◆ Task statement
What is needed is every line from the one holding "Dining Table for" to the last line of the data below, printed exactly and without pictures.

◆ Crawled caption data
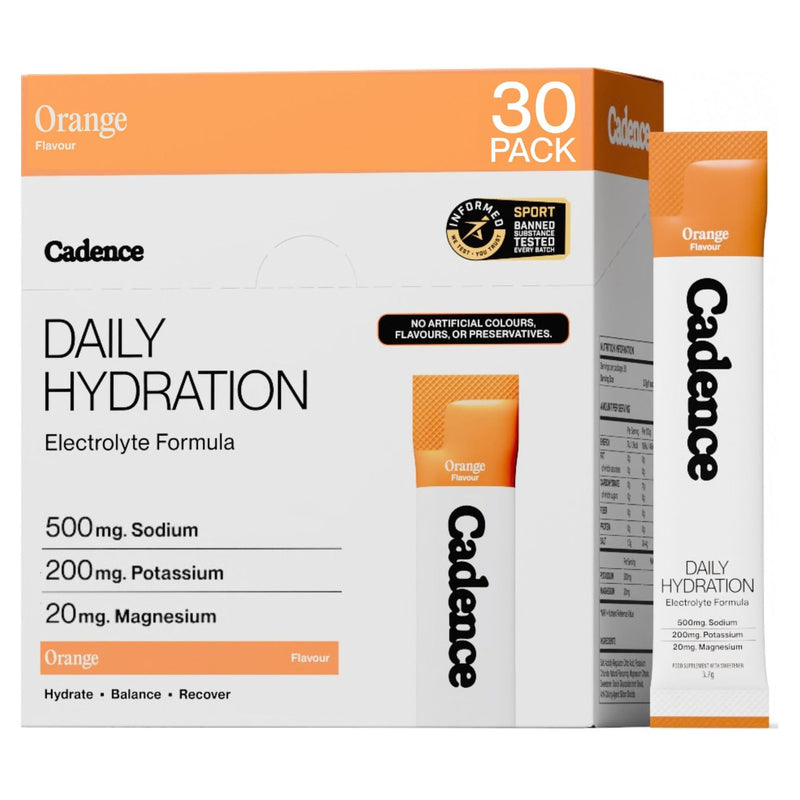 Cadence Daily Electrolyte Hydration Sachets - Essential Electrolytes Powder - Sodium, Potassium & Magnesium - Sugar Free, Zero Caffeine, Vegan - Everyday Use for Rehydration - Orange - 30 Sachets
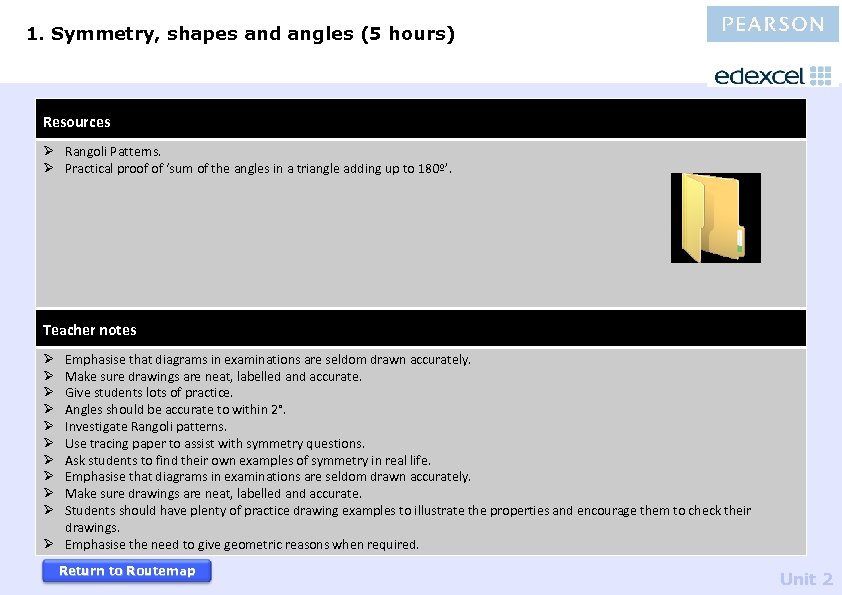 1. Symmetry, shapes and angles (5 hours) Resources Ø Rangoli Patterns. Ø Practical proof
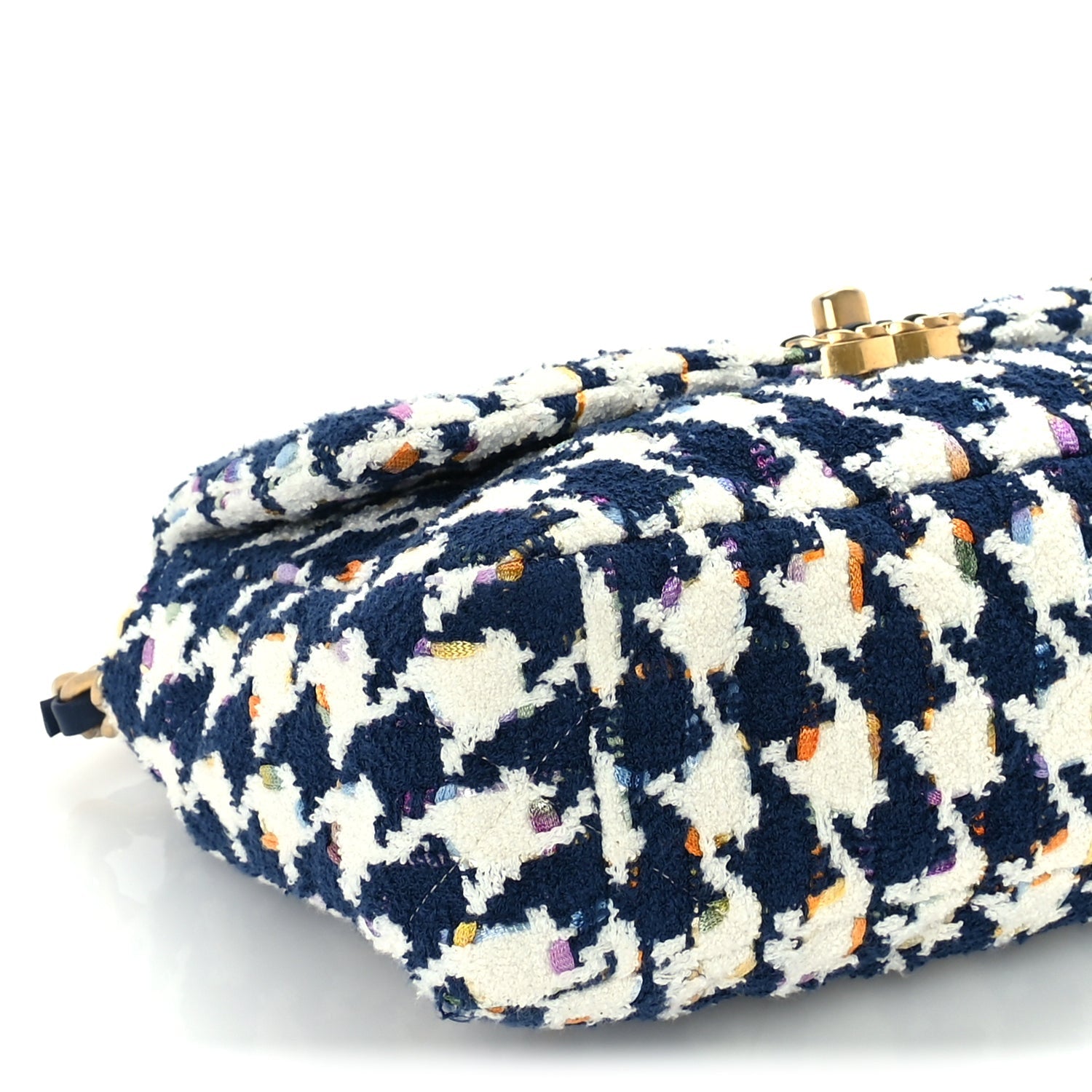 Chanel Tweed Quilted Medium 19 Flap Ecru Navy Blue Multicolor 8 of 9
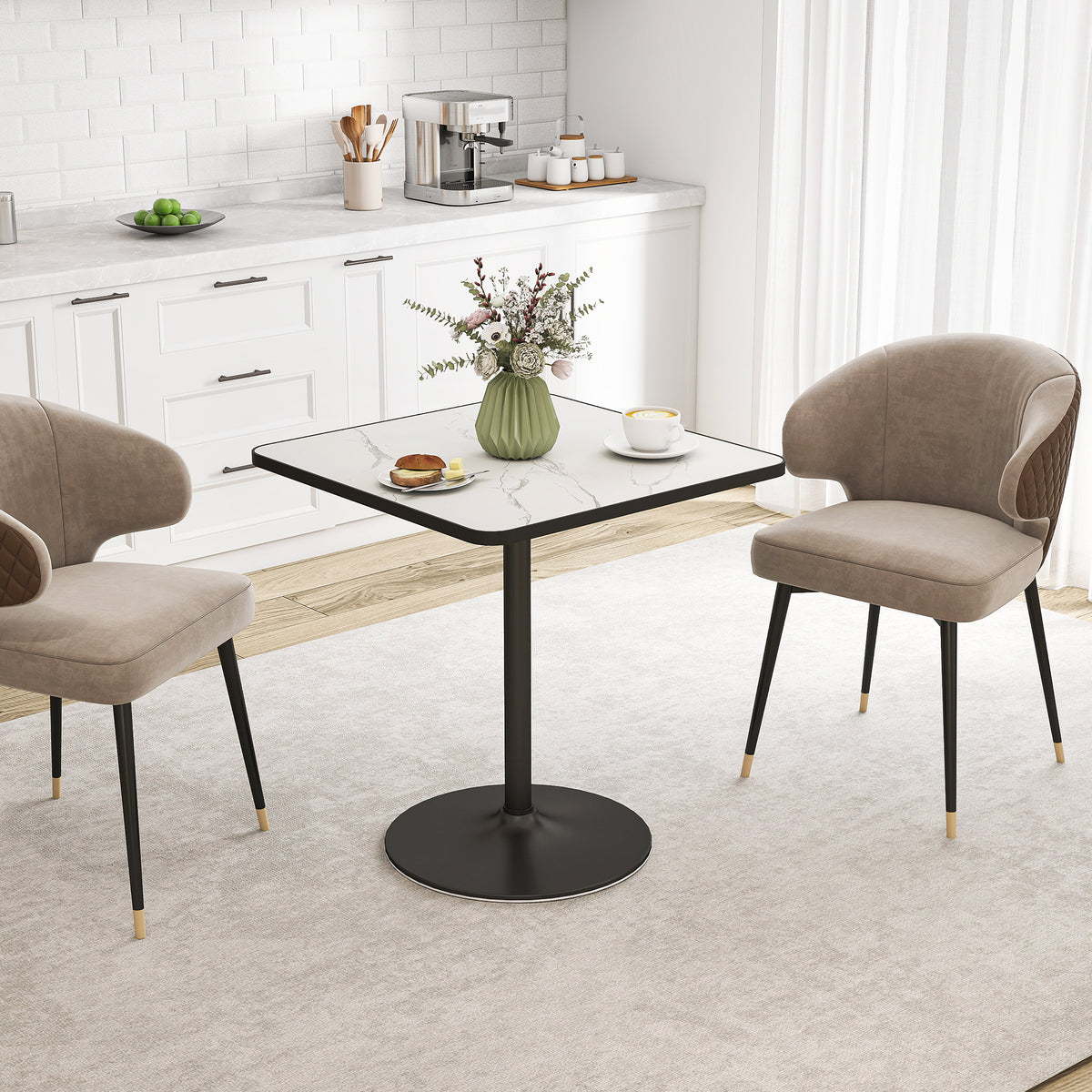 Dining Table for 4, Modern Kitchen Table with Marble Effect Tabletop and Round Base, White
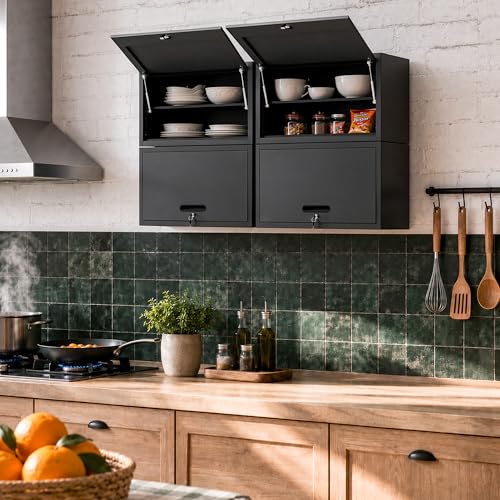 Wall Mounted Metal Storage Cabinet (Black / S - Flip-up Door & Shelves (Wall))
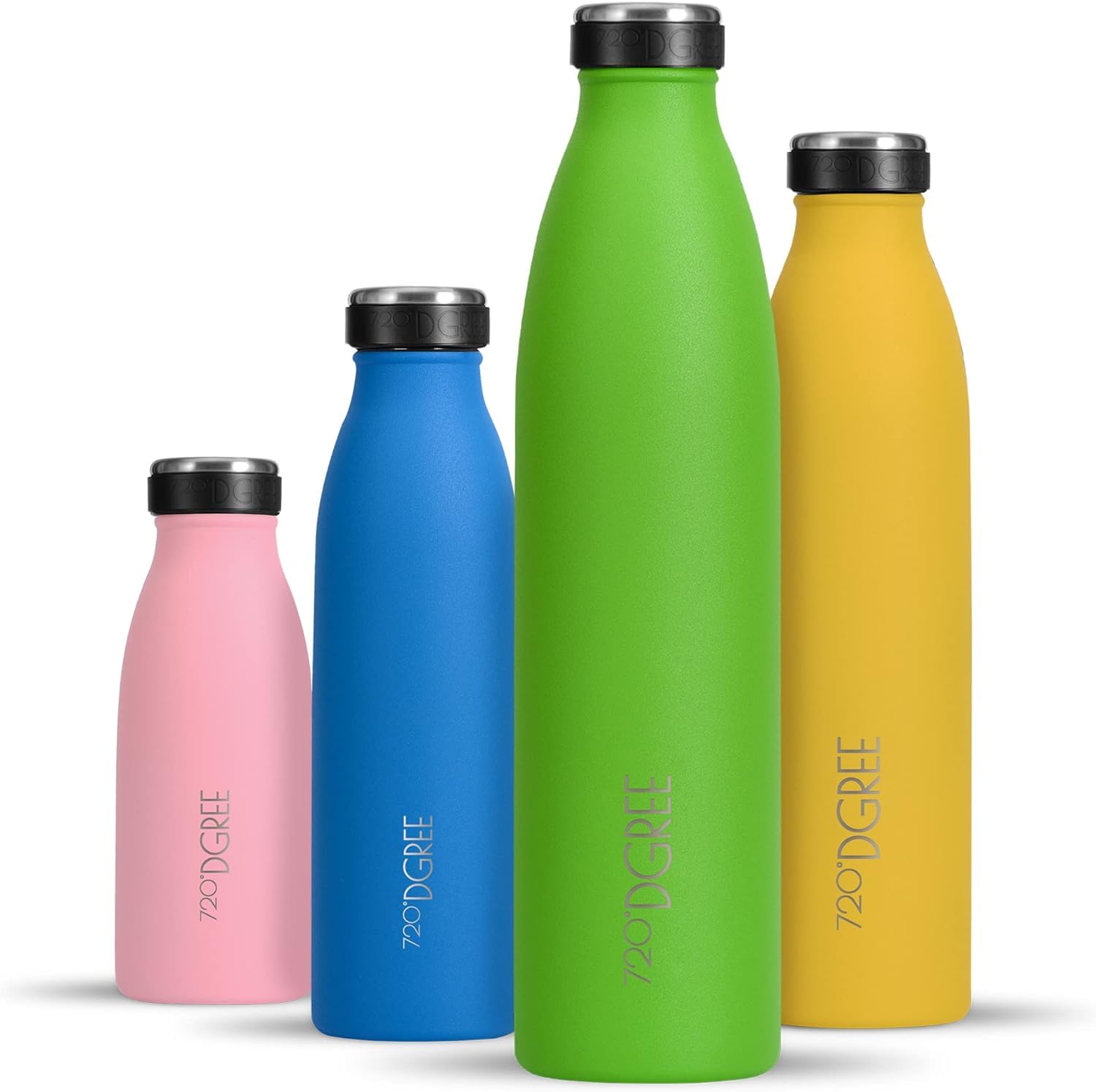 720°Dgree 10 Apple Green - Sturdy Matt Vaccum Insulated Water Bottle “Milkybottle“ - 1Litre - Leakproof, Bpa-Free, Thermo Stainless Steel Flask - Sports, Gym, Fitness, School, Kids, Travel, Outdoor, Hot, Cold & Carbonated Drinks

◆ Answer section
 Dining Table for 4, Modern Kitchen Table with Marble Effect Tabletop and Round Base, White
 Wall Mounted Metal Storage Cabinet (Black / S - Flip-up Door & Shelves (Wall))
 720°Dgree 10 Apple Green - Sturdy Matt Vaccum Insulated Water Bottle “Milkybottle“ - 1Litre - Leakproof, Bpa-Free, Thermo Stainless Steel Flask - Sports, Gym, Fitness, School, Kids, Travel, Outdoor, Hot, Cold & Carbonated Drinks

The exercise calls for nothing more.